Add comment explaining structure of UMAAL assembly

Signed-off-by: Hanno Becker <hanno.becker@arm.com>
diff --git a/library/bn_mul.h b/library/bn_mul.h
index 275be60..962d7a9 100644
--- a/library/bn_mul.h
+++ b/library/bn_mul.h
@@ -739,6 +739,16 @@
         mbedtls_mpi_uint tmp_a1, tmp_b1;             \
         asm volatile (
 
+            /* - Make sure loop is 4-byte aligned to avoid stalls
+             *   upon repeated non-word aligned instructions in
+             *   some microarchitectures.
+             * - Don't use ldm with post-increment or back-to-back
+             *   loads with post-increment and same address register
+             *   to avoid stalls on some microarchitectures.

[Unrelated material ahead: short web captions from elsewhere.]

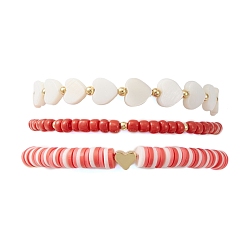 Red 3Pcs 3 Style Polymer Clay Heishi & Natural Shell Heart & Seed Beaded Stretch Bracelets Set for Valentine's Day, Red, Inner Diameter: 2~2-3/8 inch(5.2~5.9cm), 1Pc/style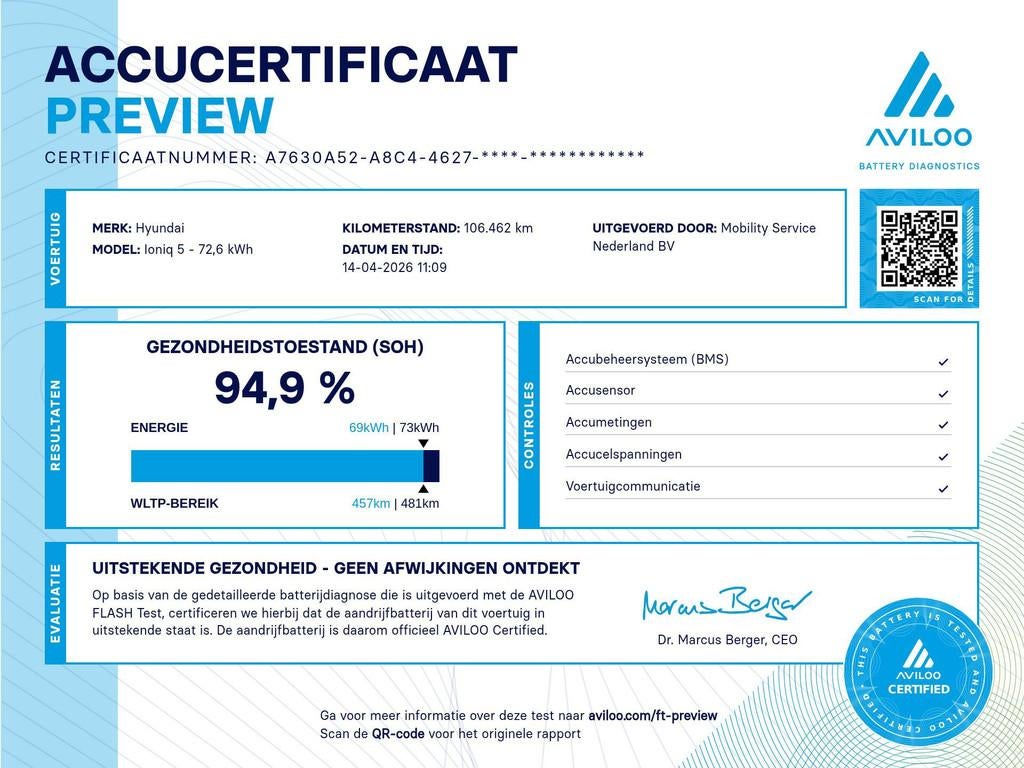 Hyundai IONIQ 5 Connect+ 73kWh SOH94% Leder Trekhaak Nav Cli, Auto's, Hyundai, Achterwielaandrijving, Gebruikt, 199 min, SUV of Terreinwagen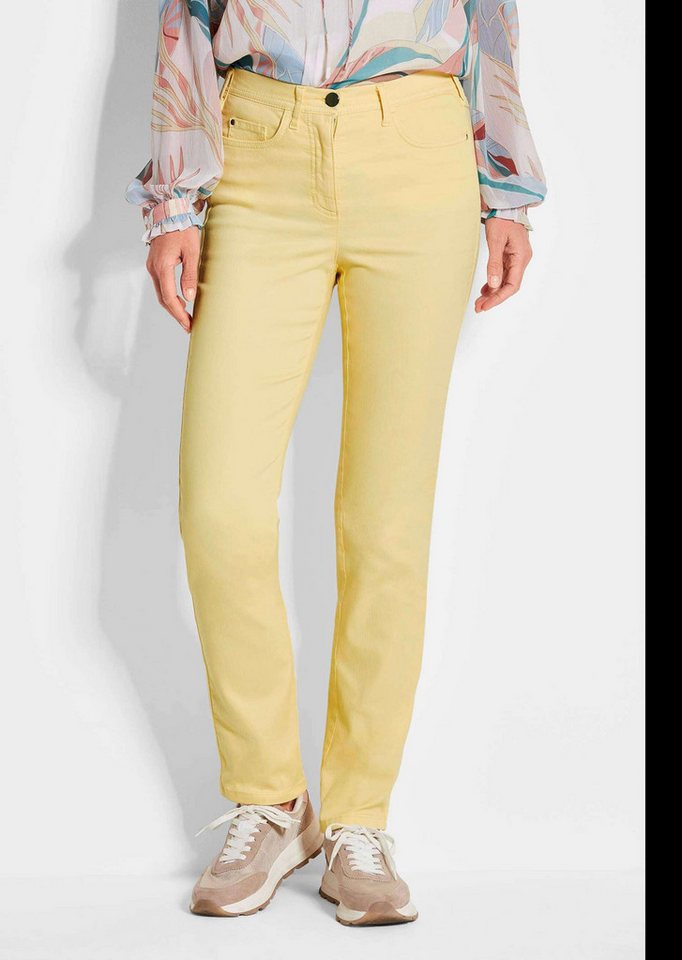 GOLDNER Bequeme Jeans Kurzgröße: Damen Jeans Slim Fit LOUISA, Stretch Bequeme 5-Pocket-Jeans mit langem Bein, schmaler Sitz von GOLDNER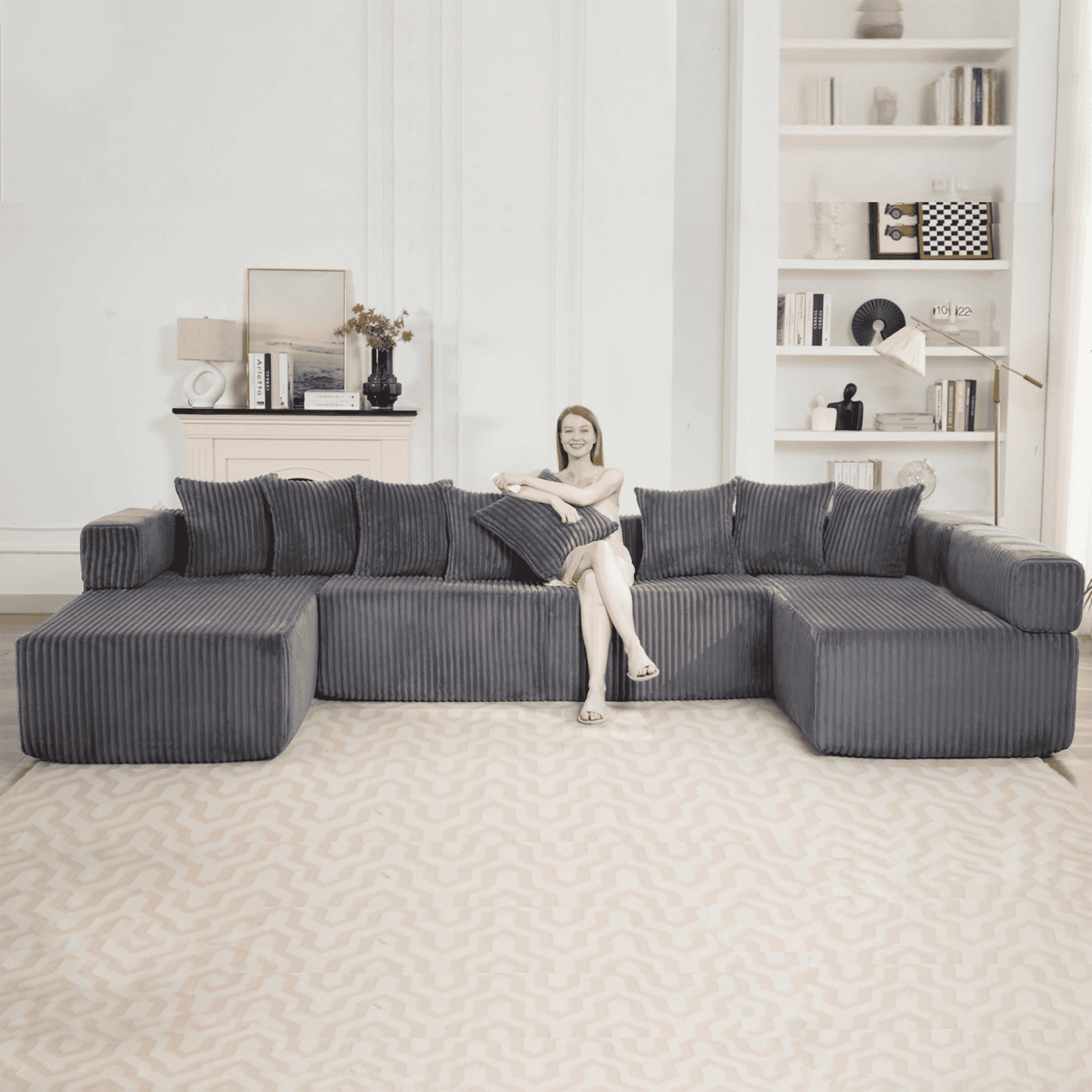 Dark Gray Oversized Modular Sectional Sofa – 6-Seat Convertible L-Shaped Corduroy Couch with Free Combination Design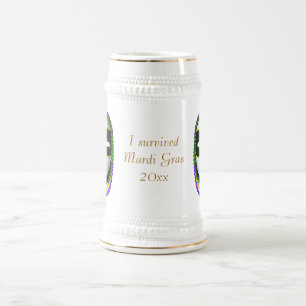 Chope À Bière "I Survive Mardi Gras" Masques avec or, perles ver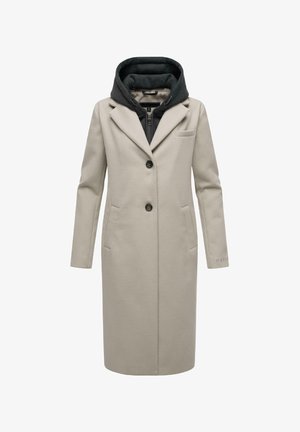 Beige lange jas met een getailleerd ontwerp, een grijze capuchon, twee zijzakken, een enkele knoopsluiting, en subtiele branding op de mouw.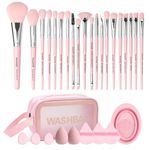 Makeup Brushes MAANGE 30 Pcs Professional Makeup Brush Set for Foundation Blending Powder Blush Concealers Eyeshadow, 5 Products Included, 30 Piece Set Pink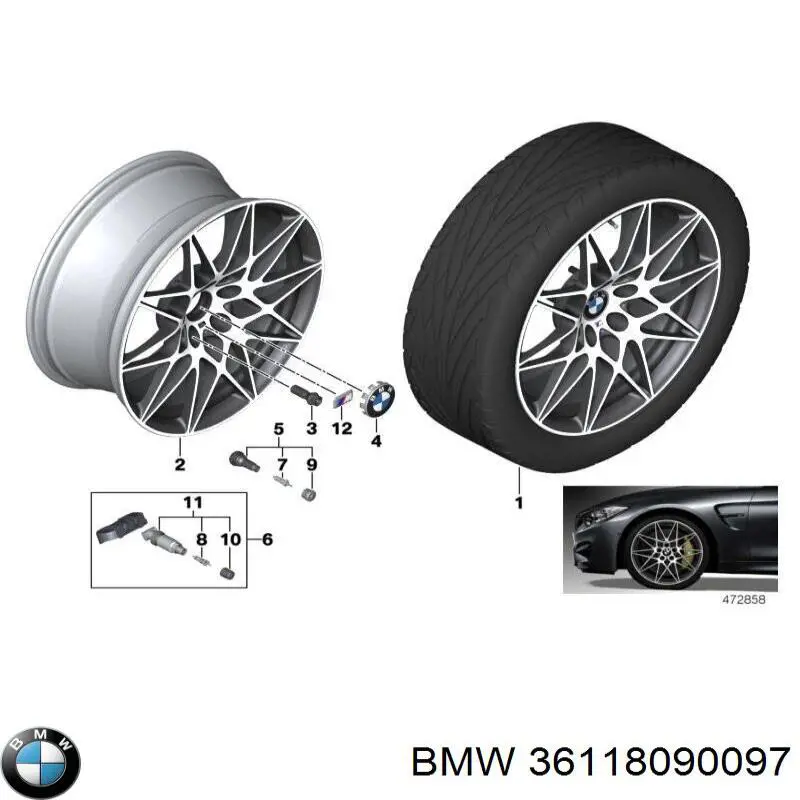 36118090097 BMW Discos de roda de aleação ligeira (de aleação ligeira, de titânio)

+             * - Bunch loads and stores to reduce latency on some
+             *   microarchitectures. E.g., on Cortex-M4, the first
+             *   in a series of load/store operations has latency
+             *   2 cycles, while subsequent loads/stores are single-cycle. */
 #define MULADDC_X2_CORE                                           \
            ".p2align  2                                   \n\t"   \
             "ldr.w    %[a0], [%[in]],  #+8                \n\t"   \